Rachel, who runs the volunteer program, is an appealing ‘bird nerd’ who shared tips on finding Baltimore Orioles. (Look high!) A father had brought along his two dark-eyed, high-school-age daughters. The sisters and I smoothed the wet soil over the screen, uncertain as to what was too small to save. Our conclusion? Nothing.
A lovely young mother with creamy skin and large glasses had brought her two little girls—about 8 and 10. The older sister had dyed her hair an intense, electric blue like she was wearing the sky on a cloudless day. I would never have let my daughters do this. I was charmed by the maturity of this woman’s mother-love and a bit wistful. I wish I could take the person I am now back in time to pay more attention to what matters.
Less work, more play. Less judgment, more acceptance.
Less black-and-white, more blue.
At home, I am still excited about what we found and trying to wrap my brain around the fact that I had hiked over that patch of land without a clue that a little girl, centuries gone, played with her doll there. Just as I may have played Swinging Statues with Blackbeard’s treasure just feet beneath the dry grass of my front yard or on the slope down to the river. Maybe it’s still there. Or never was.
We made treasure maps for something we would never find because finding doesn’t matter.
The joy is in the search. The willingness to dig deeper, look longer, love better, and try again.
Laura J. Oliver is an award-winning developmental book editor and writing coach, who has taught writing at the University of Maryland and St. John’s College. She is the author of The Story Within (Penguin Random House). Co-creator of The Writing Intensive at St. John’s College, she is the recipient of a Maryland State Arts Council Individual Artist Award in Fiction, an Anne Arundel County Arts Council Literary Arts Award winner, a two-time Glimmer Train Short Fiction finalist, and her work has been nominated for a Pushcart Prize.
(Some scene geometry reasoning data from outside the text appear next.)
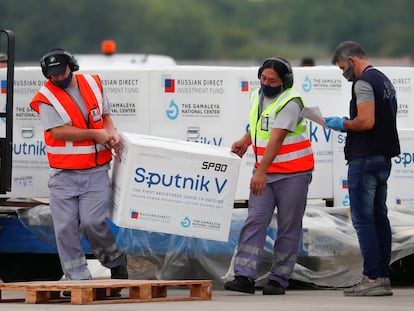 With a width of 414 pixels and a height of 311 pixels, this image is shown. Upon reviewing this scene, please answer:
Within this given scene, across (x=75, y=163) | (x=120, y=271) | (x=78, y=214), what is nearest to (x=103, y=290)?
(x=120, y=271)

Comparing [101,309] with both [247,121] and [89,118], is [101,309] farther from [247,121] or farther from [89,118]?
[247,121]

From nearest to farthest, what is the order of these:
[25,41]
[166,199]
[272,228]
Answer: [166,199] < [272,228] < [25,41]

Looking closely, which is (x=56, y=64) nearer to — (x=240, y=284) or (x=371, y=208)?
(x=240, y=284)

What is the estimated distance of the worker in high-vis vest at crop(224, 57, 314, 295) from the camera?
11164mm

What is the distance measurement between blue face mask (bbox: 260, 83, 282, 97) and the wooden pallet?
159 cm

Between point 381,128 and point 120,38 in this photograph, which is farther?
point 120,38

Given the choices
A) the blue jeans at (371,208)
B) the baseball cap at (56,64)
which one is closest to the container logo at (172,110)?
the baseball cap at (56,64)

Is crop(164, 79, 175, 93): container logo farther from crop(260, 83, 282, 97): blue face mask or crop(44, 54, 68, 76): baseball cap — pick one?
crop(44, 54, 68, 76): baseball cap

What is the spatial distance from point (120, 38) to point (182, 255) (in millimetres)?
109539

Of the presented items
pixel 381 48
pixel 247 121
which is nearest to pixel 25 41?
pixel 381 48

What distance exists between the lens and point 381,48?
126 metres

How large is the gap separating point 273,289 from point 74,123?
6.78 feet

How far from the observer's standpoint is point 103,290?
10680 millimetres

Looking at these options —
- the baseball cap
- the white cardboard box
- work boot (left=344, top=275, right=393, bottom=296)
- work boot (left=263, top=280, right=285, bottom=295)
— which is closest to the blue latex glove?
the white cardboard box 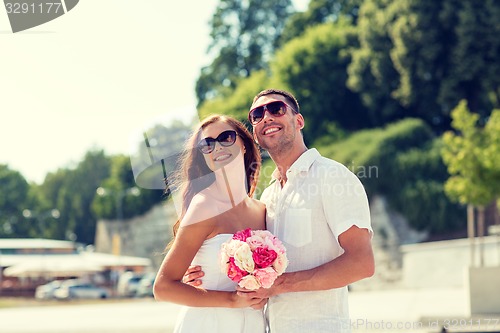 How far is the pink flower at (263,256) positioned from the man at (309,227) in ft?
0.42

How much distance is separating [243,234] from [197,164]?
569 millimetres

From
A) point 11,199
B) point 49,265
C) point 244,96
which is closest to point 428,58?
point 244,96

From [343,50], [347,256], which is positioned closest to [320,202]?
[347,256]

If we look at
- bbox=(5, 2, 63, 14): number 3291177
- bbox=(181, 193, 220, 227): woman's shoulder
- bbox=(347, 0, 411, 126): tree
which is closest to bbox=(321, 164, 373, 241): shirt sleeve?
bbox=(181, 193, 220, 227): woman's shoulder

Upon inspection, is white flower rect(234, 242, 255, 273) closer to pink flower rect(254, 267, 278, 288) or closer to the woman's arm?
pink flower rect(254, 267, 278, 288)

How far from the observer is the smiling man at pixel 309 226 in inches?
126

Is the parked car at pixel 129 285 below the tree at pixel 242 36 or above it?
below

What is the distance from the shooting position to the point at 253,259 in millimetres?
3117

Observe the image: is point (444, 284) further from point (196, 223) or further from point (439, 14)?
point (196, 223)

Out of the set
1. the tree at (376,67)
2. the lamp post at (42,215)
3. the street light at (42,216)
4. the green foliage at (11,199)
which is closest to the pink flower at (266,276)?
the tree at (376,67)

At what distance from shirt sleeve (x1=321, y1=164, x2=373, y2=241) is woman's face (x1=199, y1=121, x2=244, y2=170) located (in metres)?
0.56

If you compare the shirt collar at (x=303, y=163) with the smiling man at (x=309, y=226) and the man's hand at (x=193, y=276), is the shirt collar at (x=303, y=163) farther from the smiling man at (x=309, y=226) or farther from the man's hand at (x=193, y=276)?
the man's hand at (x=193, y=276)

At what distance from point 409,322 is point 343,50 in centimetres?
2657

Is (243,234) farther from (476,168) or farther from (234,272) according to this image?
(476,168) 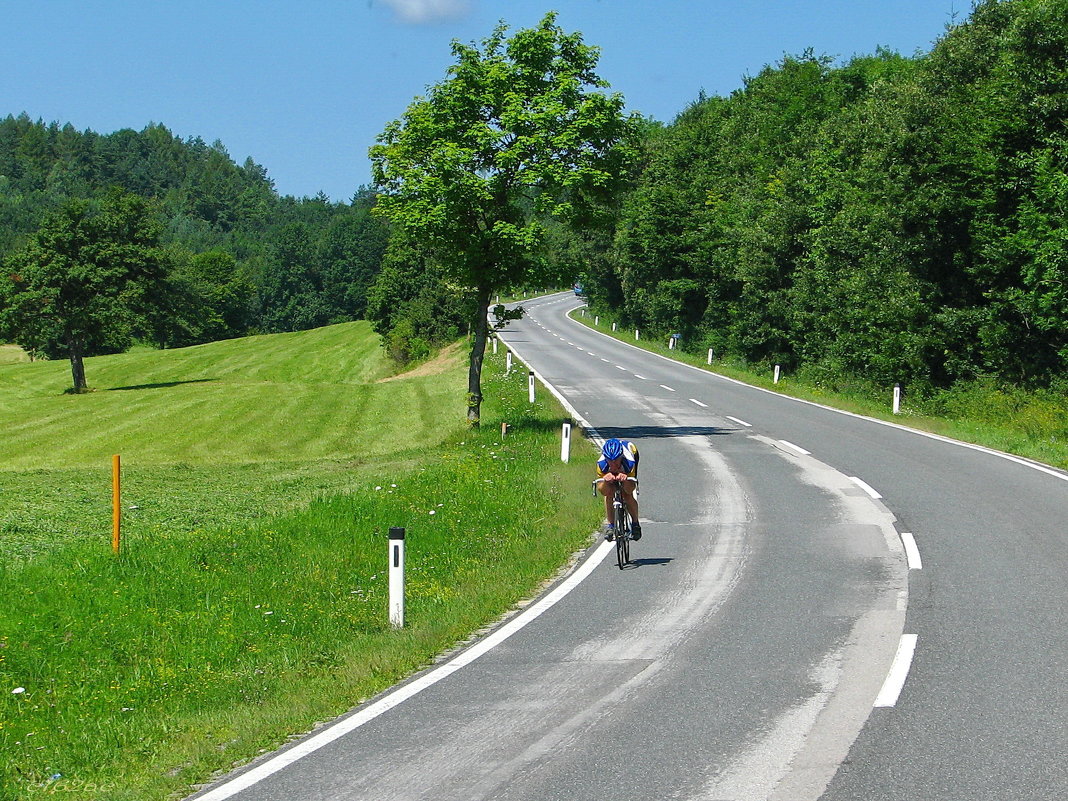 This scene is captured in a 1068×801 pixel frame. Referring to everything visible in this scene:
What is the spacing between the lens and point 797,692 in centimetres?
735

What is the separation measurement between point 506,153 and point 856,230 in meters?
19.2

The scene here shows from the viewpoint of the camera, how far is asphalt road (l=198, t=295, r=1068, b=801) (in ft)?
19.2

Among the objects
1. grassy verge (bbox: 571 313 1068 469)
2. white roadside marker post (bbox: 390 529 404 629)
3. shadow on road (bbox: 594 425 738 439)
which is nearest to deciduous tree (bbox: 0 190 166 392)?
grassy verge (bbox: 571 313 1068 469)

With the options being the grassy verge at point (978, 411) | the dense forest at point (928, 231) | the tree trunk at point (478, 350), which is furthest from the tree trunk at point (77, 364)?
the tree trunk at point (478, 350)

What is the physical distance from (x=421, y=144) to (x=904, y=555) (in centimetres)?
1607

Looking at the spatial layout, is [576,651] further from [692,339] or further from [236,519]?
[692,339]

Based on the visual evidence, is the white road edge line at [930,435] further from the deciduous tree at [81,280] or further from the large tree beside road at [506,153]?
the deciduous tree at [81,280]

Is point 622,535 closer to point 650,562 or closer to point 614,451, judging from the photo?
point 650,562

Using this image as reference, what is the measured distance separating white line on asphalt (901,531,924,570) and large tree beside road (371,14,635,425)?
41.5 feet

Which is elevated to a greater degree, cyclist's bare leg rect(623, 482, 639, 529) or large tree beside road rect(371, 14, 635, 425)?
large tree beside road rect(371, 14, 635, 425)

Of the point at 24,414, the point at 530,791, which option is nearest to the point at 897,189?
the point at 530,791

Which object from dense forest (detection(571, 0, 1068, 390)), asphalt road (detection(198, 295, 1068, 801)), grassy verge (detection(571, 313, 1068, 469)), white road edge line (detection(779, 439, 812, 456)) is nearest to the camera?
asphalt road (detection(198, 295, 1068, 801))

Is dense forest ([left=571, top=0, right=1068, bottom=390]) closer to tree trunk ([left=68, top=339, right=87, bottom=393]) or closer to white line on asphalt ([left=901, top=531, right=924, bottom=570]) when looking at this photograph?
white line on asphalt ([left=901, top=531, right=924, bottom=570])

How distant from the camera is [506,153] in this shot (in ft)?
78.0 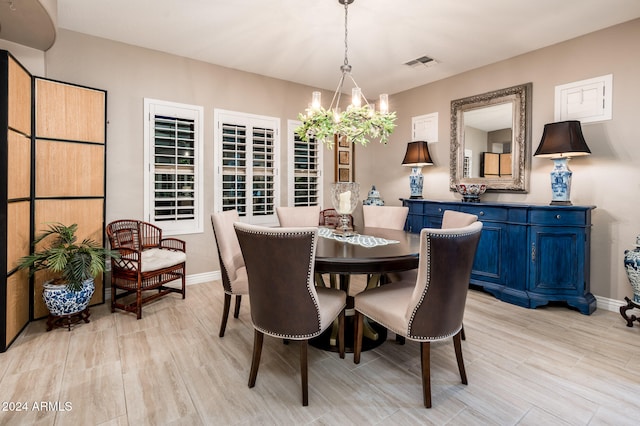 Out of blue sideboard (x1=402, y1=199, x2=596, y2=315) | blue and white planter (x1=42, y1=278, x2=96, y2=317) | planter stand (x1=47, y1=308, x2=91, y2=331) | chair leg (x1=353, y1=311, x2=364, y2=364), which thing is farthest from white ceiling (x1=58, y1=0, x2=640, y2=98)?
planter stand (x1=47, y1=308, x2=91, y2=331)

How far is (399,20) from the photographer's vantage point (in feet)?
9.97

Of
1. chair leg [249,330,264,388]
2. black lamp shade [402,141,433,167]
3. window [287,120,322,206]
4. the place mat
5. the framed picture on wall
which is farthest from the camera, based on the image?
the framed picture on wall

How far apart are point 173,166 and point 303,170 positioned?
184 cm

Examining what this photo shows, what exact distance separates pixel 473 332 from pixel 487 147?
2472mm

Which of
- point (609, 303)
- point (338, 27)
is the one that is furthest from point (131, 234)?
point (609, 303)

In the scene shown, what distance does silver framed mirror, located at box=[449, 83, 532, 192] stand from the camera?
3.80 m

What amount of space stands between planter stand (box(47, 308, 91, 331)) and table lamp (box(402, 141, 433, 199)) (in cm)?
410

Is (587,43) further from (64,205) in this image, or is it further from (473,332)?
(64,205)

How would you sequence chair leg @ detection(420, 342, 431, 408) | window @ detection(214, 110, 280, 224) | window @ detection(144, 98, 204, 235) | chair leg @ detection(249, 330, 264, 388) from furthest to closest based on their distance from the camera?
window @ detection(214, 110, 280, 224)
window @ detection(144, 98, 204, 235)
chair leg @ detection(249, 330, 264, 388)
chair leg @ detection(420, 342, 431, 408)

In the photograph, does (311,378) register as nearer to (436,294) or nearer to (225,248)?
(436,294)

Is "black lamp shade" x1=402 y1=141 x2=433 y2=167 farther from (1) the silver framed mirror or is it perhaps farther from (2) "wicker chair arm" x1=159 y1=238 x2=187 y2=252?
(2) "wicker chair arm" x1=159 y1=238 x2=187 y2=252

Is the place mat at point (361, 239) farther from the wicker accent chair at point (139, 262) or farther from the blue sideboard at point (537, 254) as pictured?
the blue sideboard at point (537, 254)

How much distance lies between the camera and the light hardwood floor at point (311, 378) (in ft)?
5.63

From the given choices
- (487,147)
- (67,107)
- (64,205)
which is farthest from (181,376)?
(487,147) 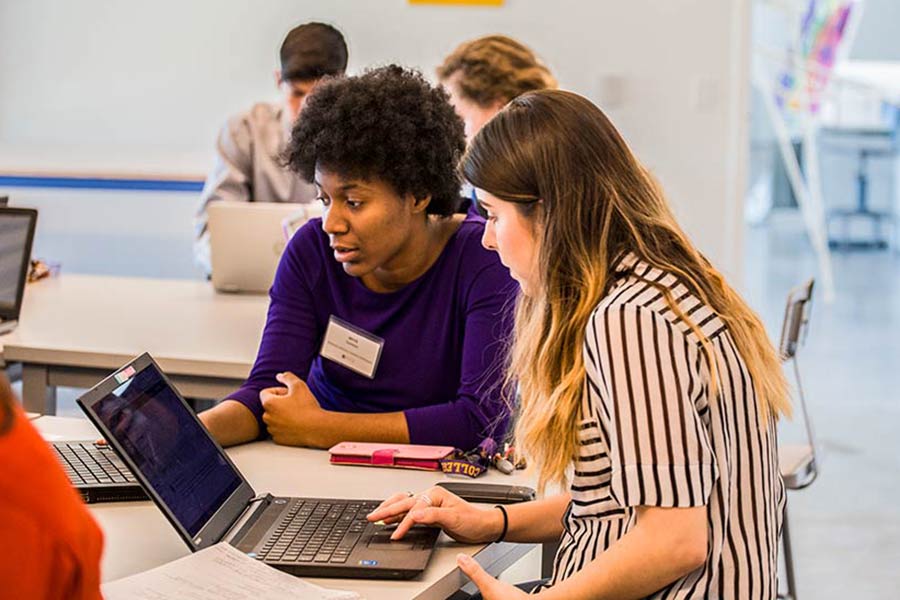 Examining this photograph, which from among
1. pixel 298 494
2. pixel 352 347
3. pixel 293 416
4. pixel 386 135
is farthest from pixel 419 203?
pixel 298 494

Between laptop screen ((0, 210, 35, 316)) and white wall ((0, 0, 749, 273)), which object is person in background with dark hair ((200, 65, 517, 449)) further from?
white wall ((0, 0, 749, 273))

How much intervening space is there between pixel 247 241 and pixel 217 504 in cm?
184

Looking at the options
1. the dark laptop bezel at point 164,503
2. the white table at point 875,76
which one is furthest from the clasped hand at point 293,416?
the white table at point 875,76

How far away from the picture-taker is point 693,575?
4.54 feet

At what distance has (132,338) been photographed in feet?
9.40

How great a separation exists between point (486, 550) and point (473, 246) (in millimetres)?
698

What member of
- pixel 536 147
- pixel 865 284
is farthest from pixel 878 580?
pixel 865 284

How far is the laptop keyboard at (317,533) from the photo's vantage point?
148cm

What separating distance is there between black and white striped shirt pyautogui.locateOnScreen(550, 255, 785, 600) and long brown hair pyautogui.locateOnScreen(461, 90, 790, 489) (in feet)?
0.09

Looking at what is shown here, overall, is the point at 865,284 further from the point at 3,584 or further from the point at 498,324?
the point at 3,584

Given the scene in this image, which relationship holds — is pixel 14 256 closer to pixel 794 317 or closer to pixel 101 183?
pixel 794 317

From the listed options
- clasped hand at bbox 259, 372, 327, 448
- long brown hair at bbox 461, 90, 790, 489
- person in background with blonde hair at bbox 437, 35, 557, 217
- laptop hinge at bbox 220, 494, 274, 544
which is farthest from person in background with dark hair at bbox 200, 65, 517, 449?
person in background with blonde hair at bbox 437, 35, 557, 217

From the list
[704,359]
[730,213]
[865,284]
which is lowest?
[865,284]

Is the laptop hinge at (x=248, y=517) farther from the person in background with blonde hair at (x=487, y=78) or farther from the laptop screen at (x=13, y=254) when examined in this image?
the person in background with blonde hair at (x=487, y=78) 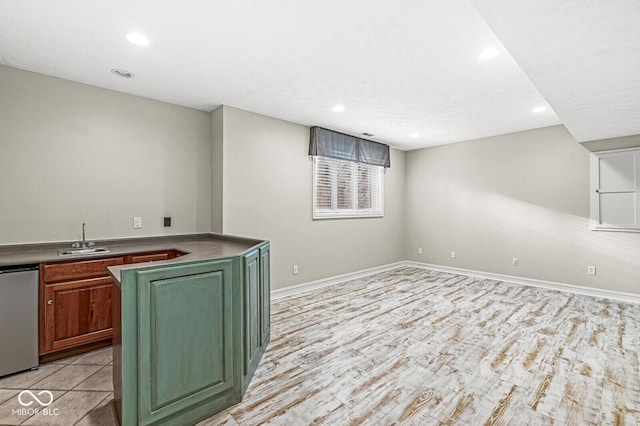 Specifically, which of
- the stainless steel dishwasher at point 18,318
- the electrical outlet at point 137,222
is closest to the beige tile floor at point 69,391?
the stainless steel dishwasher at point 18,318

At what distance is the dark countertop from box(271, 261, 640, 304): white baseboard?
58.2 inches

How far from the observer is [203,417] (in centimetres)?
189

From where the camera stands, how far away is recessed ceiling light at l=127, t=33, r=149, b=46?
92.4 inches

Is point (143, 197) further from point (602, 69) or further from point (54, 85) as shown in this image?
point (602, 69)

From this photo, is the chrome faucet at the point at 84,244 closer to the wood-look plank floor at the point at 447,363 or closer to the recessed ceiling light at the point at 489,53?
the wood-look plank floor at the point at 447,363

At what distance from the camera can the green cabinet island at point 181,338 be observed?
64.4 inches

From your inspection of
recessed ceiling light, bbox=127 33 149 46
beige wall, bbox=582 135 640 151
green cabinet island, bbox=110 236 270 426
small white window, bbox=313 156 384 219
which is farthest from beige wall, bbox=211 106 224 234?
beige wall, bbox=582 135 640 151

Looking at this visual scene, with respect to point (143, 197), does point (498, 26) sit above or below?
above

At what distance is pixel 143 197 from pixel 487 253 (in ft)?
18.4

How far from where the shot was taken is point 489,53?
256 centimetres

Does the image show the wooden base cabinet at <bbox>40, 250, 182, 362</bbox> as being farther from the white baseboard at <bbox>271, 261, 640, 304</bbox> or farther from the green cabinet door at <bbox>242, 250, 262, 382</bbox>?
the white baseboard at <bbox>271, 261, 640, 304</bbox>

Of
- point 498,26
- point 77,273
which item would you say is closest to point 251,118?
point 77,273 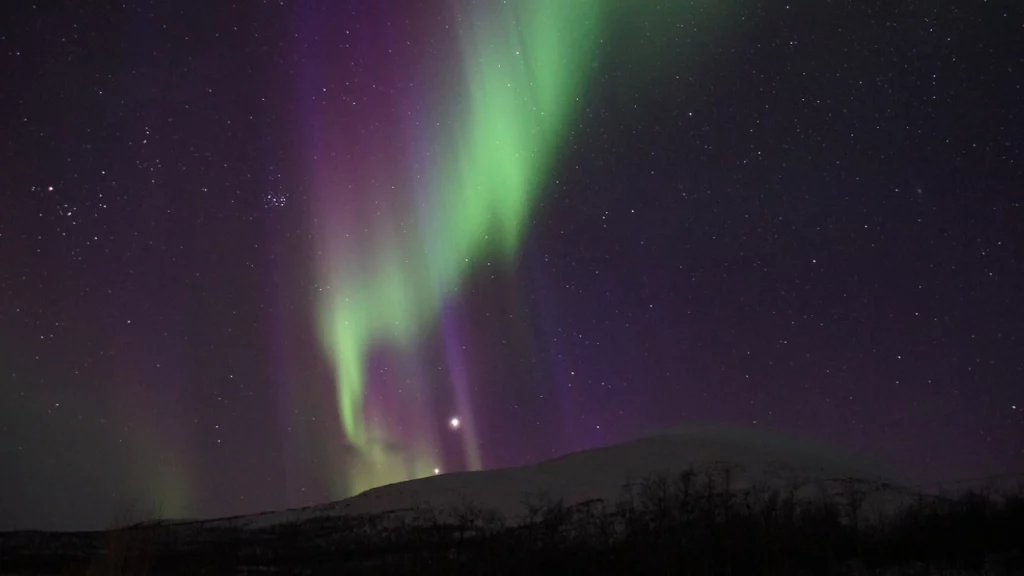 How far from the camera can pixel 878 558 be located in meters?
20.1

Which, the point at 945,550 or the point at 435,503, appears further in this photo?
the point at 435,503

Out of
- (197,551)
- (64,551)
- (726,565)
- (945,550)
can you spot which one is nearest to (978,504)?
(945,550)

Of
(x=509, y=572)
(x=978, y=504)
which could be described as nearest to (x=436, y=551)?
(x=509, y=572)

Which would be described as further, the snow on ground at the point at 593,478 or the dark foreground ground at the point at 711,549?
the snow on ground at the point at 593,478

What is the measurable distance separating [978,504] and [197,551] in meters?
30.5

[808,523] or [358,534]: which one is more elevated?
[358,534]

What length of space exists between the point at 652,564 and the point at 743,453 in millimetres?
89313

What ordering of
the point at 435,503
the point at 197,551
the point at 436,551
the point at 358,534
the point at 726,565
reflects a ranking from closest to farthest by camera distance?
the point at 726,565 → the point at 436,551 → the point at 197,551 → the point at 358,534 → the point at 435,503

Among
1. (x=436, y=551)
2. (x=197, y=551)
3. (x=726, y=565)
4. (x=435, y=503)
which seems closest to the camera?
(x=726, y=565)

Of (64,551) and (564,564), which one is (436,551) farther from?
(64,551)

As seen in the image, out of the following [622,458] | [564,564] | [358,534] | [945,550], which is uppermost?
[622,458]

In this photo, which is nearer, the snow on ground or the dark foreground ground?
the dark foreground ground

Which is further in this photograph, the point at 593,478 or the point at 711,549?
the point at 593,478

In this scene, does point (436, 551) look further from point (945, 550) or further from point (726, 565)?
point (945, 550) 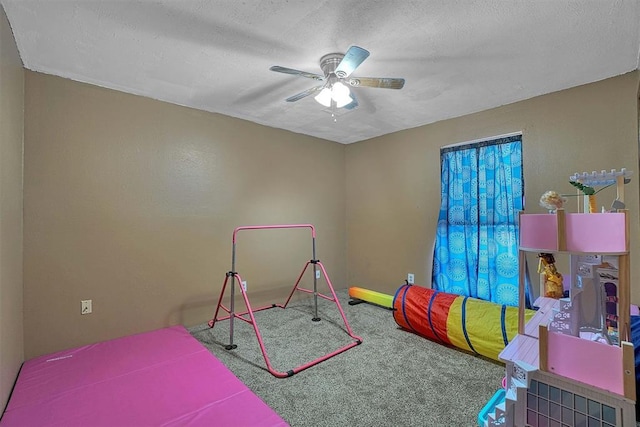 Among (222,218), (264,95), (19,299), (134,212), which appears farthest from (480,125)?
(19,299)

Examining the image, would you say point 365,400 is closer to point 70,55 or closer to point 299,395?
point 299,395

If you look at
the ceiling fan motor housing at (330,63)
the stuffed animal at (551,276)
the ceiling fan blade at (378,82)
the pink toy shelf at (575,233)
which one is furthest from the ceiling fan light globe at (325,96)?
the stuffed animal at (551,276)

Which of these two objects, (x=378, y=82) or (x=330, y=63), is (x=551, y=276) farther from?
(x=330, y=63)

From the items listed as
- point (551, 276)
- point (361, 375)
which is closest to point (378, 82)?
point (551, 276)

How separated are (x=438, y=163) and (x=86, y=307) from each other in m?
3.86

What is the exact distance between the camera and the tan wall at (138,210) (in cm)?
232

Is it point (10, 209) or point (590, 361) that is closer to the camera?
point (590, 361)

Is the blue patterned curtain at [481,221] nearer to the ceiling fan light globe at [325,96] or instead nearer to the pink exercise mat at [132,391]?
the ceiling fan light globe at [325,96]

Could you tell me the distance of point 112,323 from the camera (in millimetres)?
2605

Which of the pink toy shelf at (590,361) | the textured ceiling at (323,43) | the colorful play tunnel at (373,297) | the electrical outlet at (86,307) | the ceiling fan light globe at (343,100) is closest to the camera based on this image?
the pink toy shelf at (590,361)

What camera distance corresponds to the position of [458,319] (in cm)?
241

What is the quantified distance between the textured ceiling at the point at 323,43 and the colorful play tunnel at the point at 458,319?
6.22 ft

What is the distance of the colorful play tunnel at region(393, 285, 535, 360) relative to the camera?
2.21m

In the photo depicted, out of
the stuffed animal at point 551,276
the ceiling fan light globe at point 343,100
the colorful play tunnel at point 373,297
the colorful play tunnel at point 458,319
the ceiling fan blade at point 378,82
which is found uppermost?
the ceiling fan blade at point 378,82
Her website can be found here.
Jo Merrill says
“The joy is in the search. The willingness to dig deeper, look longer, love better, and try again.”
Perfect! Thank you.
Laura Oliver says
Thank you, Jo. A story is like an arrow. It’s gratifying to be able to feel it hit the mark for even a few readers. Once you release the bow, you can only hope!
Michael Pullen says
I am always uplifted by your beautiful stories. Laughed aloud about (not at) your youthful “relationship” with Hoss, perfectly delivered.
You are so right…it’s not about finding, it’s only about the journey, the way, the mystery we carry within our hearts and share, right now, as best we can carry one another along.
Laura Oliver says
Thank you, Michael. Your kind and thoughtful comments are stories in and of themselves.
Steven Smith says
This story brought tears to my eyes, it is so rich, deep, and full of love. A treasure.
Laura J Oliver says
Thank you, Steven. Both for reading and responding.:)
Joe Feldman says
Hi Laura,
Thank you for taking us “back” with you, on a lovely and touching adventure.
Your perspective on the obvious, always provides such great insight, to what often appears as routine.
You share and express a view of depth and emotion, which touches, connects and takes us along..
I was moved, when you stopped at the front gate, to say a prayer and honor those lives and spirits that once
walked that land. That alone says so much about your “search” and your “journey”.
Thank you
Joe
Joe
.
e tragic rea
Laura Oliver says
Thanks so much, Joe, for coming on the journey.